Weak and wounded, the tenacious and resourceful Grantang slowly stripped the flesh off the bones of the giant and used them to build a ladder by which he escaped his watery prison. Emaciated, the first locals he met ran to the palace to say they had seen a wandering evil spirit. As cunning as ever, Cupak realized that his attempt to commit fratricide had failed.
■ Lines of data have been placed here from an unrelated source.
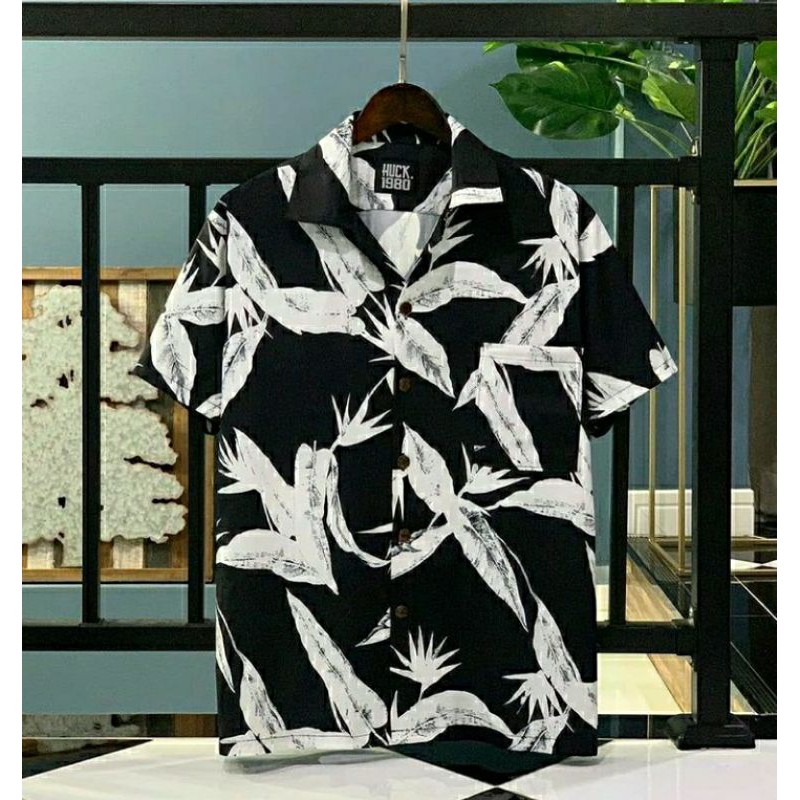 KAMEJA PRIA SANTAI MOTIF HITAM PUTIH BURUNG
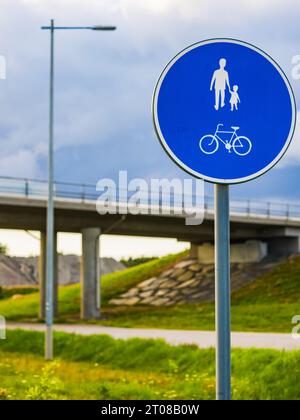 Vélo partagé circulaire et signe de marche de vélo et piéton marchant. Banque D'Images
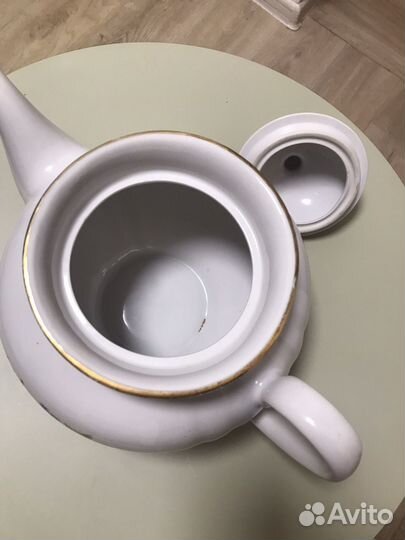 Чайник заварочный фарфоровый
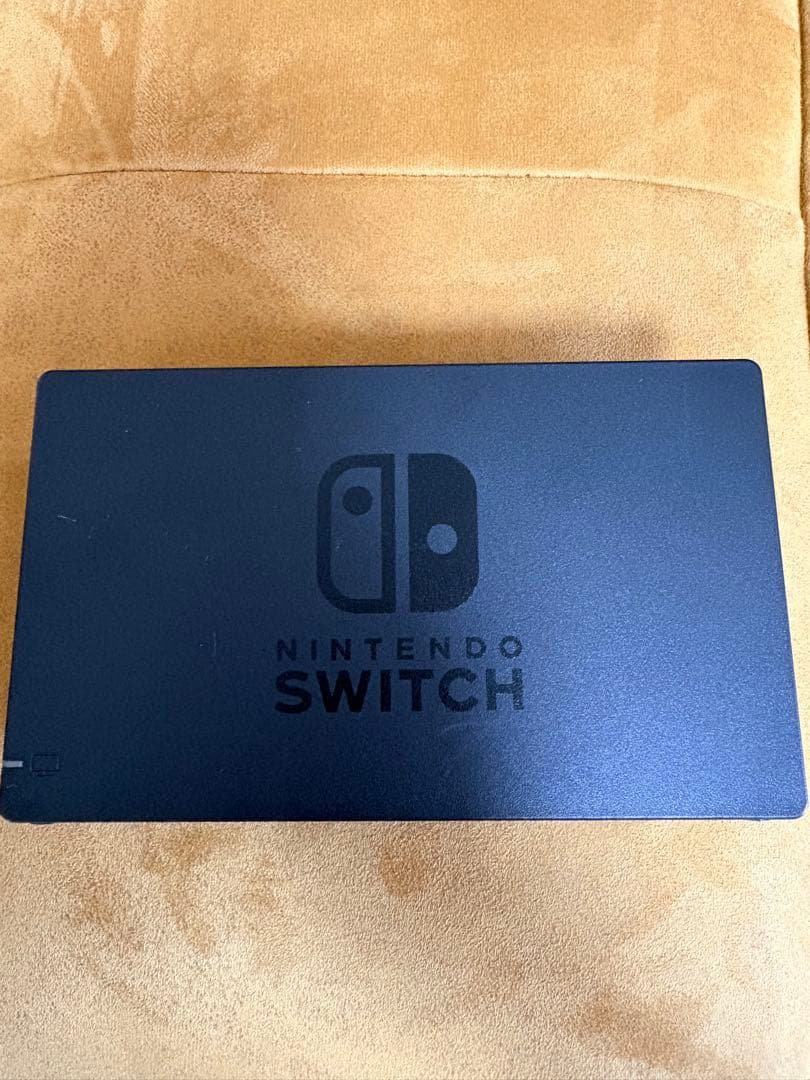 NINTENDO switch 本体一式・ジョイコン2個付属【極美品】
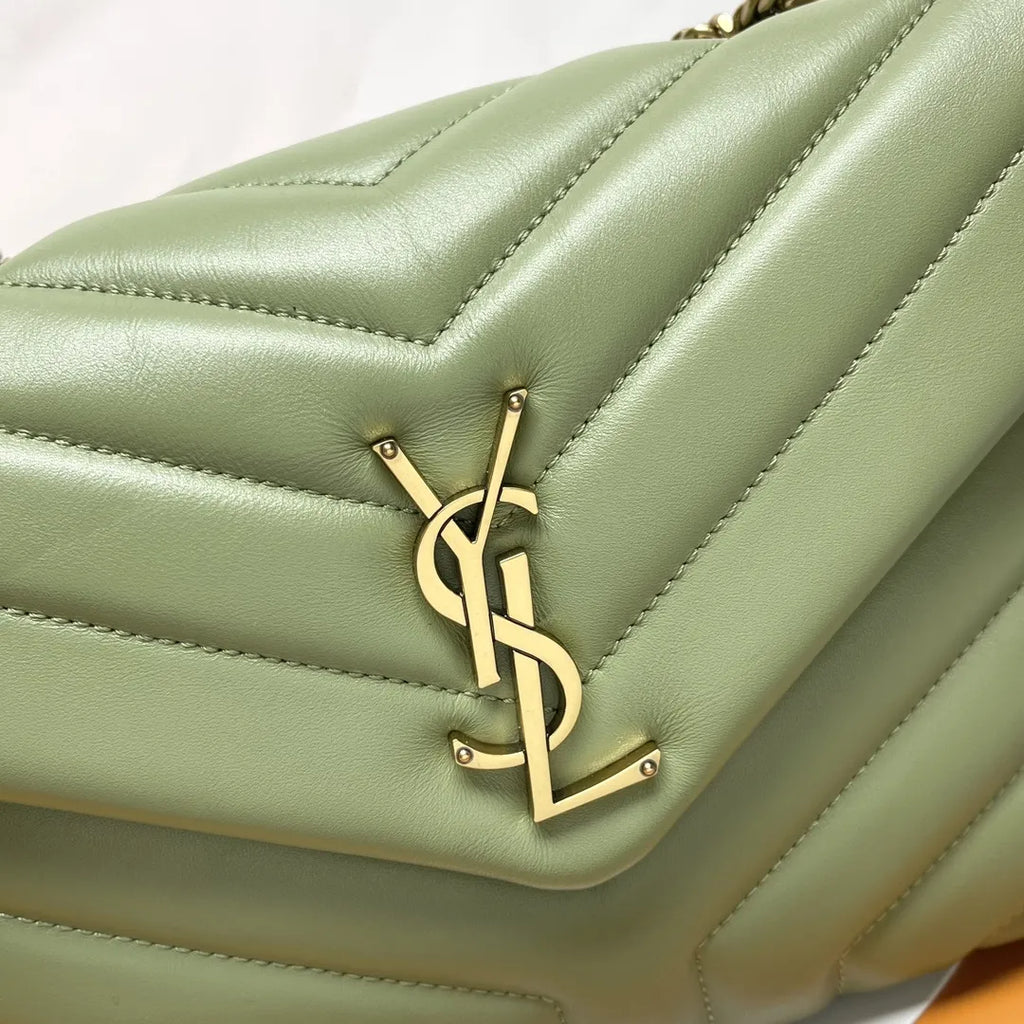 Leather 9.1 in Shoulder Bag 494699.ZX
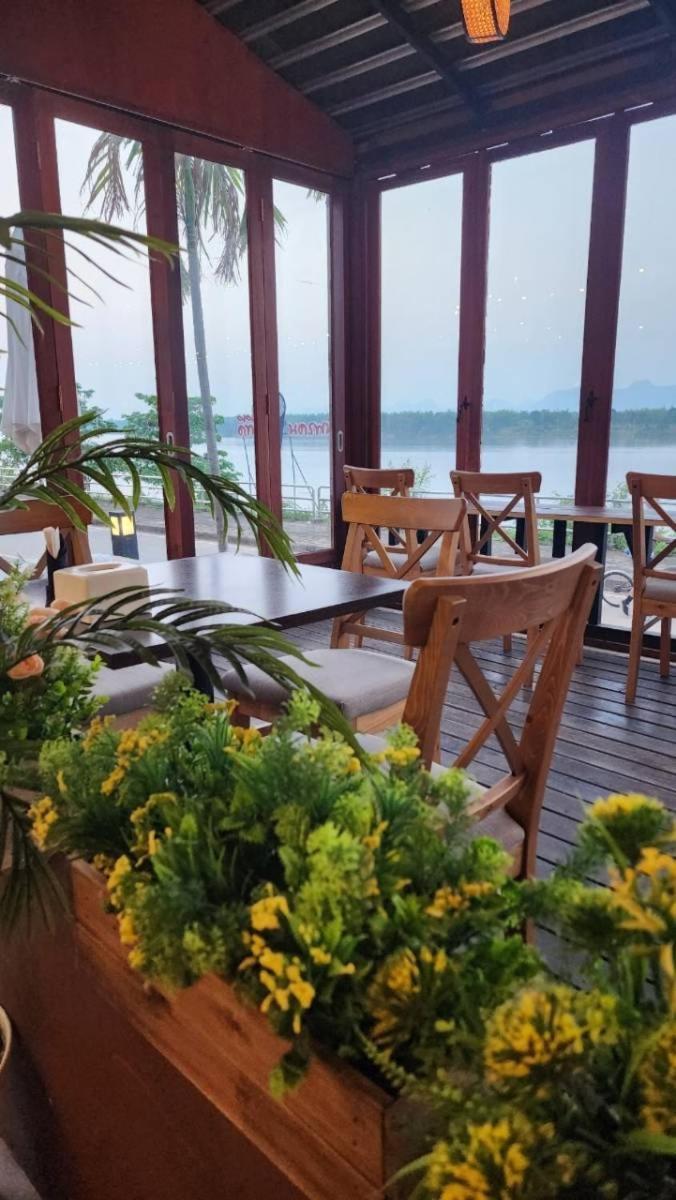 Blu Hotel Нахон Паном Екстериор снимка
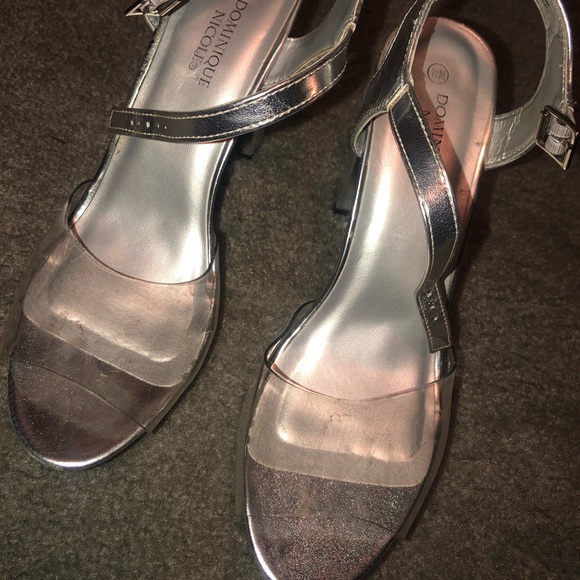 Silver Heels - Picture 2 of 2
Taking advantage of the situation he had the spirit beaten unconscious, stuffed in a burlap bag and cast into a river whose raging waters carried it down to the sea.

Now feeling completely secure as the heir to the throne (the princess had no brothers) Cupak lived a penultimate life of decadence – feasting, drinking and whoring as he pleased. Devouring scores of suckling pig every day, the farmers groaned under the burden of his accelerating demands. His notoriety expanded with his girth and nobody dared rebuke the shenanigans of the fiancé of their beloved princess.

Cupak and GrantangKarma, however, would catch up with Cupak when he least expected it for his brother once again managed to miraculously survive, saved by a kind and simple fisherman who had caught him in his net. The fisherman and his wife, who were childless, had long prayed to the gods for a son. The discovery of the handsome unconscious boy in their nets convinced them their prayers had been answered. Slowly nursing him back to health, Grantang, who suffered amnesia, was a model son who regularly accompanied his adopted mother to the market to sell flowers. Mustika, who regularly bought flowers from the women, noticed the ring on his finger and realized her beloved Grantang was still alive and well.  The meeting also jarred Grantang’s memory of all. Filled with righteous anger he confronted his now gigantic drunken brother and demanded justice. The crowds joined in and threatened the now bloated Cupak with death and the ugly glutton slinked off into ignominy and shame forever.

The Cupak story would live on in Bali for many centuries. The popular theme of good versus evil was performed in dance and theatre genres including Gambuh and Arja. The story was also depicted by Balinese artists including the great Gusti Nyoman Lempad of Ubud and Ida Bagus Nyoman Sasak of Batuan who’s expressive Batuan school ink on paper shows the hairy Cupak hiding in the tamarind tree as his brother battles the evil witch Benaroe, stabbing her in the heart with a kris.  A new version of the story entitled “Cupak Devours the Earth” that compares modern real estate agents with the Glutton recently appeared in North Bali. The same theme was featured in an article in Britain’s Guardian newspaper entitled “In Bali, rich foreigners are sparking a property frenzy, but who benefits?” (http://www.guardian.co.uk/world/2013/mar/09/bali-property-frenzy-islanders-boom) just goes to show that peoples of all nations share similar values when it comes to engorging or enriching yourself at the expense of others.